In fact, Artscape, with its close ties to Toronto’s development industry, has focused increasingly on securing apartments in new condo towers. It will operate 80 affordable rentals in a 225-unit Tridel/Hines project planned for the East Bayfront and has 68 apartments in UrbanCorp’s Triangle Lofts.
Increasingly, Artscape sells those units instead of renting them. It earned $4.9-million from selling condo studios at Youngplace, an $18-million project. Eligible buyers include not just artists but also employees of arts organizations. By selling studios, Mr. Jones says, “it’s become much easier to make projects viable.” The buyers, he adds, tend to be “senior artists.”
Visual artist Barbara Astman bought a space in Youngplace after leasing for years in a Junction factory that had been full of artists but was being taken over by a games developer. “The biggest difference between this studio and my past studios is the fact that it is well maintained,” she says.
Yet, others balk at the costs. The asking price on a 490-square-foot studio, one of the smallest in Youngplace, was $210,000, with owners paying $350 a month in fees. “I don’t know any artists who could afford to buy a work-only studio,” a long-time Artscape tenant says.
It’s not the only way the organization’s business model chafes. Artscape rents its spaces out for private functions. But in the Barns, several tenants say, those events have created excessive noise, as well as conflicts over access to common space. An artist who once rented a studio that opened onto the Barns’ main event area says her clients were turned away because a private function was taking place. “That’s unheard of,” she says.
The fundraising has also raised eyebrows. A tenant in one downtown building says Artscape officials bring wealthy prospective patrons through the premises. While Artscape’s foundation has raised millions in recent years, this tenant points out she’s had to fight with Artscape’s managers to approve routine repairs, including fixing an elevator that was out of service for years.
The persistent sound issues at the Barns are another example of nickel-and-diming, some tenants say. Asked why a long-recognized problem still hasn’t been fixed, Mr. Jones replies, “It’s taken a long time to get expert [acoustics] advice and, to be honest, we’re not there yet.” He provided The Globe with recent quotes for test repairs, most under $20,000. “It would be absolutely inaccurate to say we’ve done nothing.”
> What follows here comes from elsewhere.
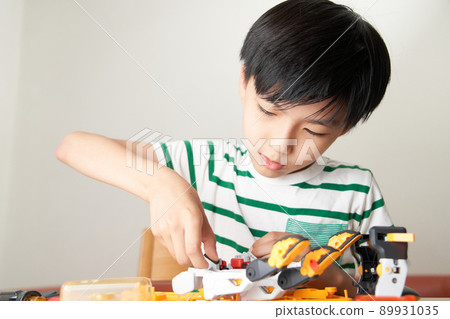 Elementary school boy assembling a robot 89931035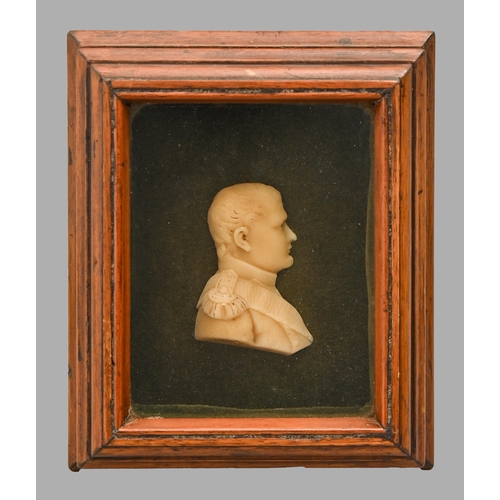 A wax portrait relief of Napoleon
For all the controversy, some in Toronto’s arts world back Artscape but say it shouldn’t be the only entity delivering subsidized space. “It’s essential that Artscape exist and we should support it,” Array’s Sandra Bell says. “But we shouldn’t put all our eggs in one basket.”
Others have had enough. As one Barns tenant says of the hefty bill for back taxes she received in the spring, “This is the straw that broke the camel’s back.”
Editor's note: An earlier version of this article included information from environmental assessment documents on lead levels in roof joists. While there is no accepted EPA limits on lead levels in roof joists, Canadian consultants use EPA limits for windowsills as a benchmark.